I have considered making a bar with a split wedge. There would be a fixed wedge on the bar and then you would attach the other half with nails or staples. Then you could just wedge the strip in place. You could do this by using a router to route away half of the wedge. 

The thing I don't like about using a starter strip is that as soon as you attach the starter strip you have to be careful with the bars. And if you drop them you can pretty much bet the strip will be knocked off.


----------



## PAHunter62 (Jan 26, 2011)

There is a tool called a Wax Tube Fastener that some will use to attach a foundation starter strip to a grooved top bar. You can see a demo of it on Linda Tillman's blog:

http://beekeeperlinda.blogspot.com/2007/04/how-to-use-wax-tube-fastener_26.html

What I have done, and like, is to glue in a wooden strip into the top groove. I don't even add any wax, the bees take right too it and build off the strip. Adding in new foundationless frames in between brood comb works well, or between capped honey frames. Don't add them between uncapped honey frames or the bees will just keep extending the comb to each side instead of working on the new frame.

Good luck.


----------



## shannonswyatt (May 7, 2012)

Yes, I don't think that starter strips are necessary if you give them an idea of were to pull the comb by using a stick or a wedged bar. Some folks say don't use wax on your bars as it will actually make the contact with the bar weaker.


----------



## Steven Ogborn (Jun 3, 2011)

My top bars are made with a plastic strip. I ripped down a bunch of foundation from my Lang stuff.
They end up ridged and permanent when glued in. They look like this.http://s1066.photobucket.com/albums...tevenOgborn/?action=view&current=IMAG0044.jpg

I had NO issues with cross-combing with the hives that I used these in this year.


----------



## Harley Craig (Sep 18, 2012)

Thanks for the replies I have wedges made from cove molding in one hive and wood strips in grooves in another just to see which I like better. I have seen alot of videos where the comb curves at the ends and ends up off the bars, and wondered if one or two straight ones would help get them on the right track. Steven that is exactly what I was thinking but more foundation than just a strip. Thought about trimming some plastic foundation in the shape of a top bar comb and hot gluing it into place and then painting with wax to encourage comb building on the plastic cell. One established straight I would phase out the top bars with foundation


----------



## shannonswyatt (May 7, 2012)

I think it was Michael Bush that said straight comb makes straight comb. If you can get your comb to start straight and correct as necessary you should be able to keep it straight by placing empty bars between straight comb.


----------



## Michael Bush (Aug 2, 2002)

I used to wax a strip of foundation in with a wax tube fastener. But wood works as well and is more permanent. Now I just glue in wood strips or put a bevel on the top bar.

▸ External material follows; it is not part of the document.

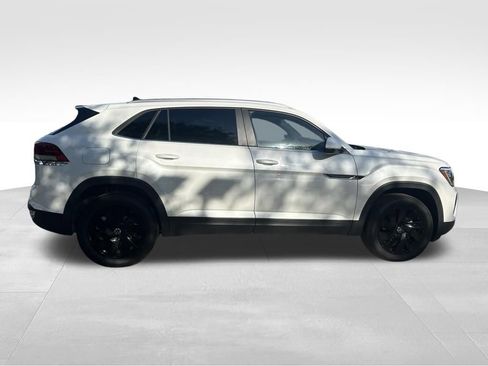 New 2026 Volkswagen Atlas Cross Sport SE FWD image 6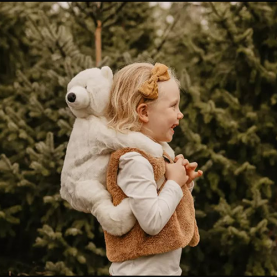 Sac à dos enfant maternelle ours polaire en peluche, tissu résistant et léger, design coloré, adapté dès 2 ans pour la crèche ou la maternelle, bretelles réglables.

http://www.bushfarms.com/beesfoundationless.htm


----------



## Steven Ogborn (Jun 3, 2011)

Harley Craig said:


> Thanks for the replies I have wedges made from cove molding in one hive and wood strips in grooves in another just to see which I like better. I have seen alot of videos where the comb curves at the ends and ends up off the bars, and wondered if one or two straight ones would help get them on the right track. Steven that is exactly what I was thinking but more foundation than just a strip. Thought about trimming some plastic foundation in the shape of a top bar comb and hot gluing it into place and then painting with wax to encourage comb building on the plastic cell. One established straight I would phase out the top bars with foundation


That's what I did when that first hive messed up. I took whole sheets of plastic foundation and made some baffle type top bars from them. Then I used these to block their path, so to speak, until I could get in and fix it. On the plastic foundation will be the last place they'll build comb. They'll build in front of it, behind it, around it, then when mine run out of room they'll start working on the plastic.


----------



## Steven Ogborn (Jun 3, 2011)

shannonswyatt said:


> This is what Wyatt Mangum does. He puts a groove in the bar and then uses melted wax to attach it. He has made a jig to setup a series of bars and pour the melted wax down 8 or 10 or so at a time.
> 
> I have considered making a bar with a split wedge. There would be a fixed wedge on the bar and then you would attach the other half with nails or staples. Then you could just wedge the strip in place. You could do this by using a router to route away half of the wedge.
> 
> The thing I don't like about using a starter strip is that as soon as you attach the starter strip you have to be careful with the bars. And if you drop them you can pretty much bet the strip will be knocked off.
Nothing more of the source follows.